I believe that this project is especially suitable for retroactive funding since:

• It was only published recently (the further back you go, the less value is delivered by retroactive funding)
• It's much easier to judge the post as a success retroactively than it would have been prospectively
• My runway is currently short enough that it is likely to lead to counterfactual AI Safety work taking place as opposed to just increasing a figure in a bank account.

This post wasn't a huge amount of work to write up, but producing posts of this EV regularly (say, one each month) would be extremely challenging. See, for example, the large number of posts that I had to write to get this one hit: https://www.alignmentforum.org/users/chris_leong, with more posts on Less Wrong (that said, many of those posts were on niche topics, so not intended to be hits). So it would likely make sense to view it as more of a grant for achieving a hit, rather than a grant for this one specific post.

What are this project's goals and how will you achieve them?

• Encourage more work of the sort in the post - either investigation of linearity or other ways it may be surprisingly easy to make progress on alignment.
• Encourage more people to give technical alignment a go, rather than just throwing up their hands.

Hopefully, the post has received enough attention to achieve these.

If there is > 2% chance that the post leads to someone producing a counterfactual result on the same level as those mentioned in the post, then I expect the post will be worth more than the amount requested.

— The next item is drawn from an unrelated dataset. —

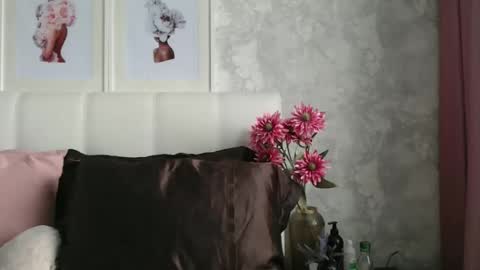 Pamella online show from December 23, 2025, 7:50 am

How will this funding be used?

Project is already complete, so it would increase my runway.

Who is on your team and what's your track record on similar projects?

Irrelevant since a retroactive request. That said, I'm open to improving/augmenting the post if requested.

What are the most likely causes and outcomes if this project fails? (premortem)

Maybe this post was unnecessary as Beren already wrote a post "Deep learning models might be secretly (almost) linear" (https://www.lesswrong.com/posts/JK9nxcBhQfzEgjjqe/deep-learning-models-might-be-secretly-almost-linear). I think there's value in my framing (better optimised as a call for action).

Often posts get attention and then are forgotten.

Joseph Bloom suggests in a comment that not everyone might be excited about these alignment proposals as I am and that this may cause people to doubt the conclusion.

Perhaps all the low-hanging fruit has already been picked. Perhaps we already have directions to investigate and we should invest in them instead of trying to open up new directions.

Because of the stance (alignment is easier than you think, rather than harder) the post was more likely to have become popular and hence might be overrated.

What other funding are you or your project getting?

I received a grant to skill up in alignment and do agent foundations research, but this grant was from a certain well-known crypto fund that collapsed, so there is a chance that it may be clawed back. This was only a part-time grant anyway, so even if it were guaranteed I would need to try to find ways to supplement it.